Il 2 aprile, in occasione della IX Giornata Mondiale della Consapevolezza sull’Autismo, il mondo si tinge di blu. Blu come il mare, blu come cielo, blu come il colore scelto dall’Onu per l’autismo, per ricordare che tutti possiamo e dobbiamo contribuire per migliorare la qualità di vita delle persone che soffrono di questa sindrome, delle loro famiglie e per sostenere la ricerca scientifica, che permetta di scoprire nuovi metodi efficaci per curare, già dai primissimi mesi di vita, il disturbo dell’autismo. Grazie alla collaborazione dell’ANCI, in Italia saranno numerosi i monumenti e le piazze che avranno un distintivo blu. Per il rispetto, l’accettazione e l’inclusione, anche Palazzo Montecitorio, a Roma, si illuminerà di blu, così come nel mondo, il blu tingerà la Statua del Cristo Redentore a Rio de Janeiro, la CN Tower di Toronto, la Burjul Mamlakah –Kingdom Tower di Riyadh in Arabia Saudita, l’Empire State Building di New York, la Willis Tower di Chicago.

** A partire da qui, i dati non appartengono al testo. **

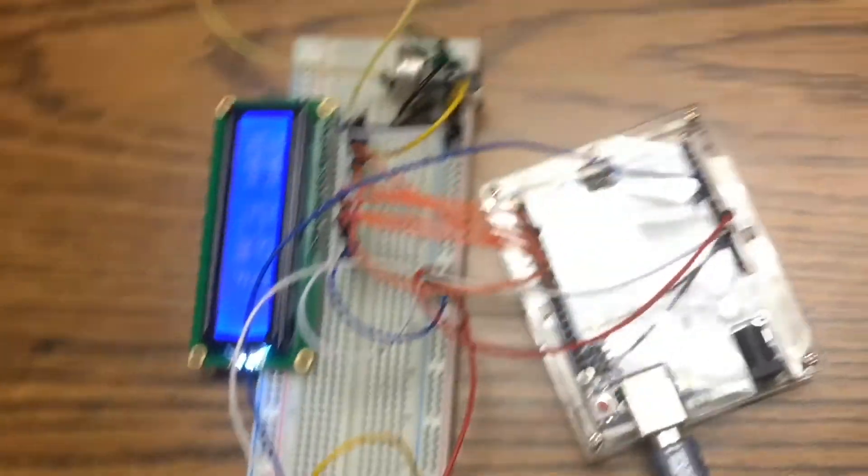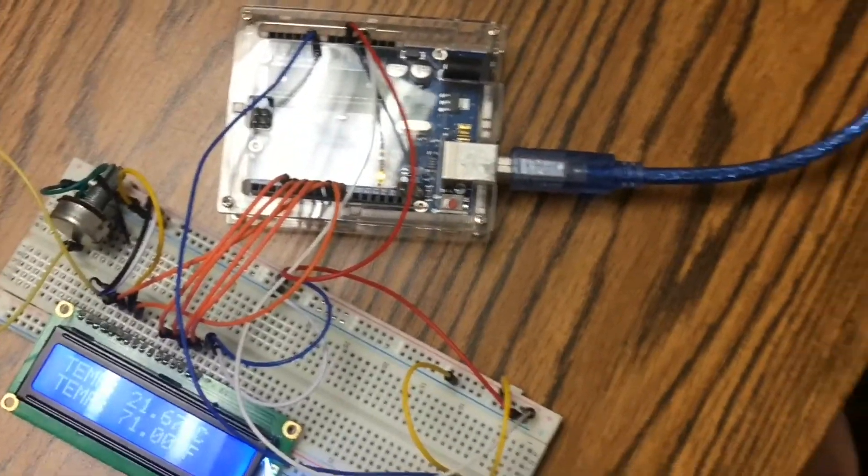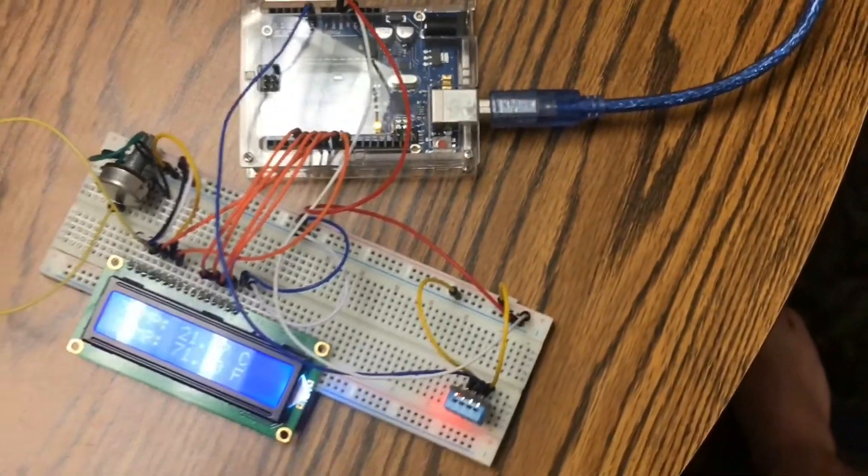For the purposes of this video, I will demonstrate a temperature reading using the Arduino microcontroller.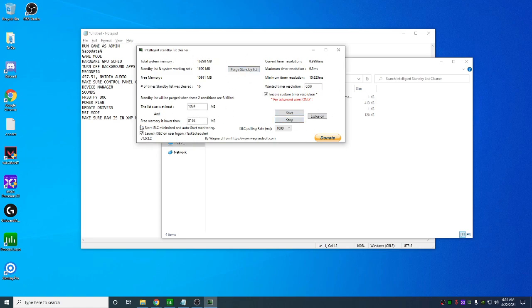This will pop up like this. It'll look something along the lines of this. What you want to do is check both of these. You want to put half your... So you have 16 gigs of RAM. You're going to put 8,192. 32 gigs of RAM. You're going to take this number and just divide it by 2. Put it in here. Want a timer resolution? You can put 0.5. You're going to check this Enable Custom Timer and hit Start.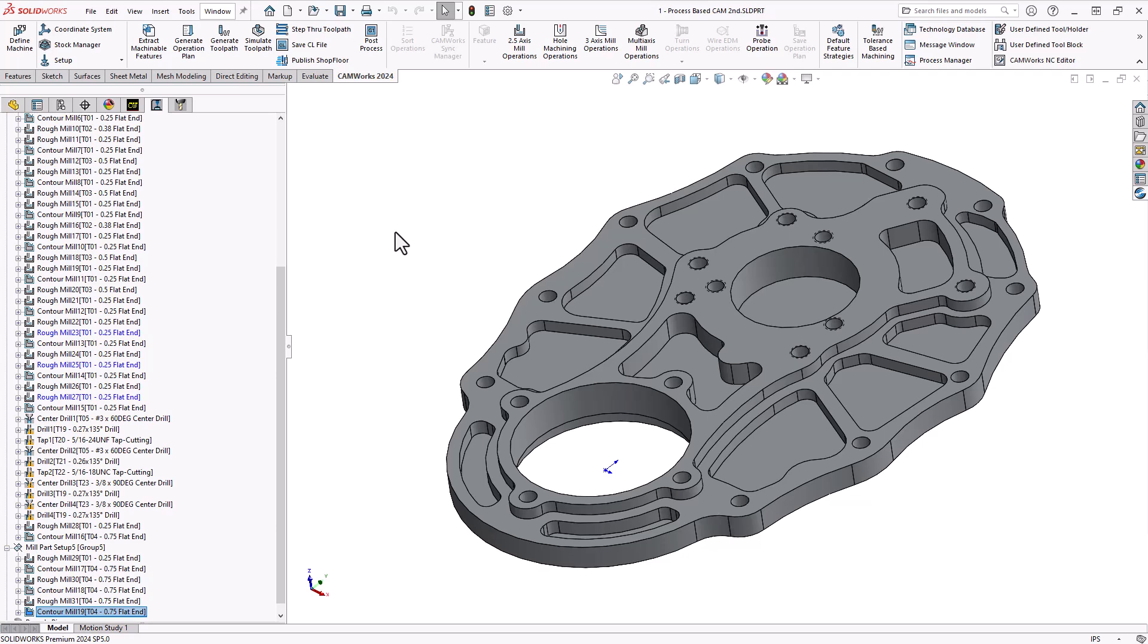Now that simple workflow is based off of the fact that everything's already loaded in the software, that knowledge is already within the tech DB, or what we call the technology database. So let's take a look at what happens behind the scenes. So if I click on technology database.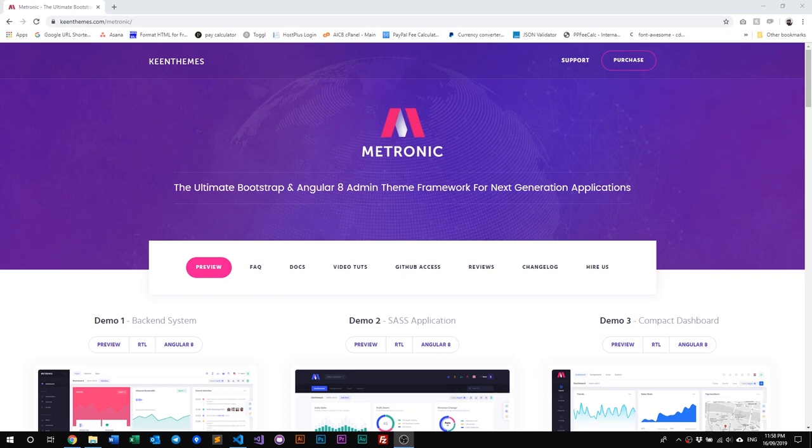Hello everyone, welcome back to another video on Metronic. In this video, we will discuss Metronic's Gulp installation for version 6.0.8 and above. So let's get started.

Nell’Alto Vicentino, il comune di Thiene ha fatto colorare di blu la fontana ad ingresso della città. Il Toaldi Capra di Schio verrà illuminato di blu per due giorni ed il Comune di Lugo ha fatto diventare blu il municipio.

La IX Giornata Mondiale della Consapevolezza sull’Autismo, dunque, oltre a colorarsi di blu, prevede una mobilitazione internazionale massiccia, per sensibilizzare l’opinione pubblica su una malattia che negli ultimi 40 anni è cresciuta 10 volte. Correttamente chiamata Disturbo dello Spettro Autistico, per descrivere i diversi gradi di gravità in cui si può presentare, la sindrome, a più di sessantanni dalla sua identificazione, è difficile da riconoscere tempestivamente e sono ancora tante le incertezze sulla classificazione del disturbo, e soprattutto sulle cause.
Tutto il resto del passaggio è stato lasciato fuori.